Circuitry takes us jump-cut fashion from footage of blissed-out, pacifier-sucking ravers in action to interview segments with techno luminaries past and present. Jack Dangers, cofounder of the seminal early-'90s industrial/dance project Meat Beat Manifesto, weighs in on the early days of the scene. The freaky Genesis P. Orridge, a onetime member of the even earlier experimental industrial outfit, Throbbing Gristle, compares the underground aesthetic and DIY ethic of electronica to the early punk scene. Überzone, a.k.a. funky break guru Timothy Wiles, declares his debt of gratitude to 1970s German electronic pioneers Kraftwerk, taking things way back. Pop-techno trance DJ and producer BT (Brian Transeau) talks technology only fellow studio geeks would understand, and Las Vegas big-beat purveyors the Crystal Method kick it in their garage-cum-studio for the camera. Veteran DJs, producers, and musicians like Moby, Roni Size, Carl Cox, DJ Keoki, and Frankie Bones, among others, also discuss the state of the scene and its history.

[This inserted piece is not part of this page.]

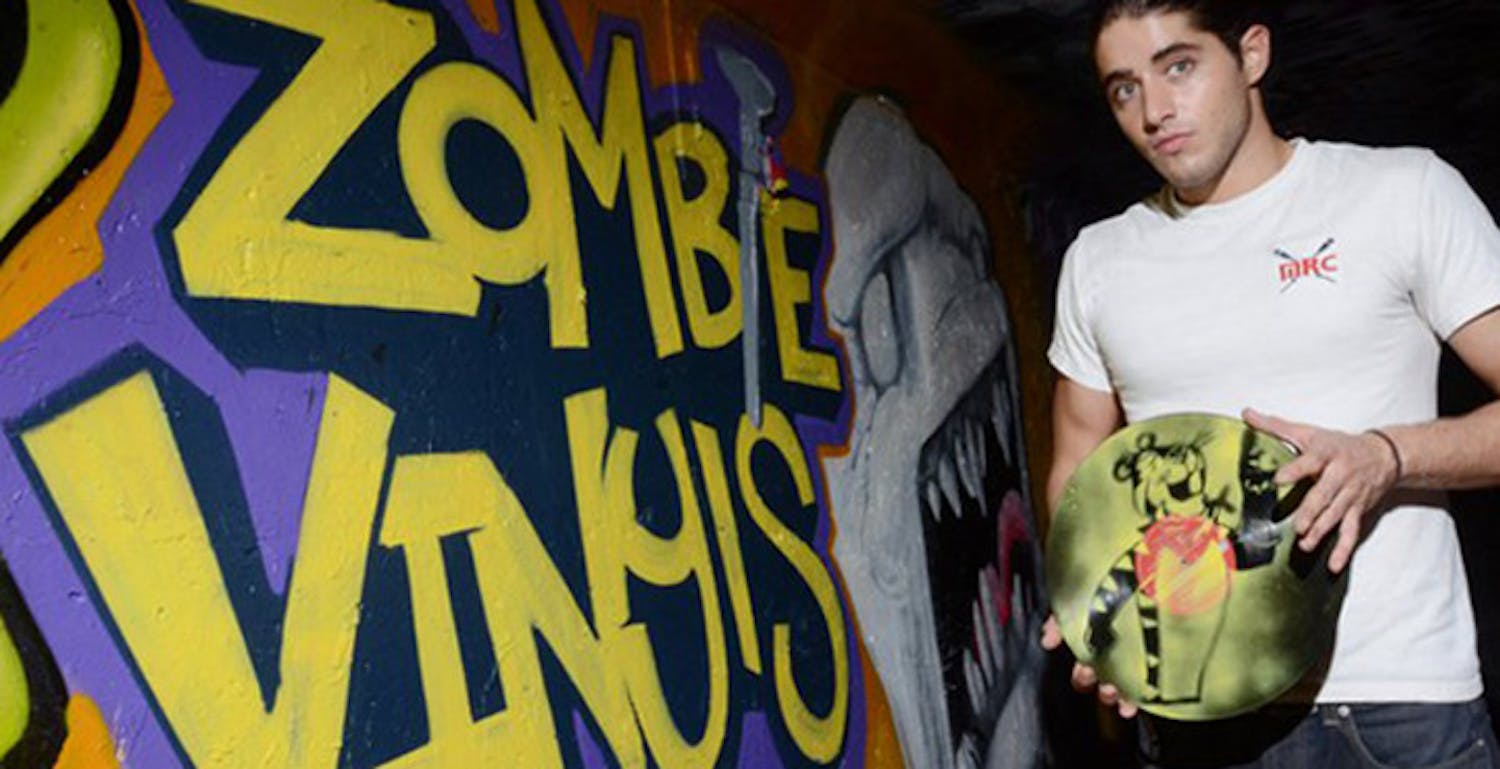 Tony Feria, owner of Zombie Vinyls, poses with a stenciled vinyl in front of a mural painted in the tunnel under 13th Street. Feria began designing art on vinyl about a year ago, when he painted an image of John Lennon on a 12-inch record. He says his inspiration for starting the project came from his love of diverse musical tastes and visual arts. Zombie Vinyls officially became a business in the spring, when Feria's friend and fellow UF graduate Matt Teper pushed Feria to take the project to a higher level.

As in any feature-length documentary, not everything is covered. But that's all right. The film allows us to connect personalities to the usually faceless music, and the soundtrack rips. After all, according to New York graphic designer and rave promoter Joel Jordon: "It's about dancing first and foremost, and it's about bringing people together, and it's about creating this, you know, instant feeling, this oblivion, this, like, particular one-night oblivion where nothing else outside that room matters."

Apparently nothing that happens outside of your own body matters when in a whirling-dervish dance frenzy; as one teen raver squeals: "I've had an orgasm on the dance floor, I will admit."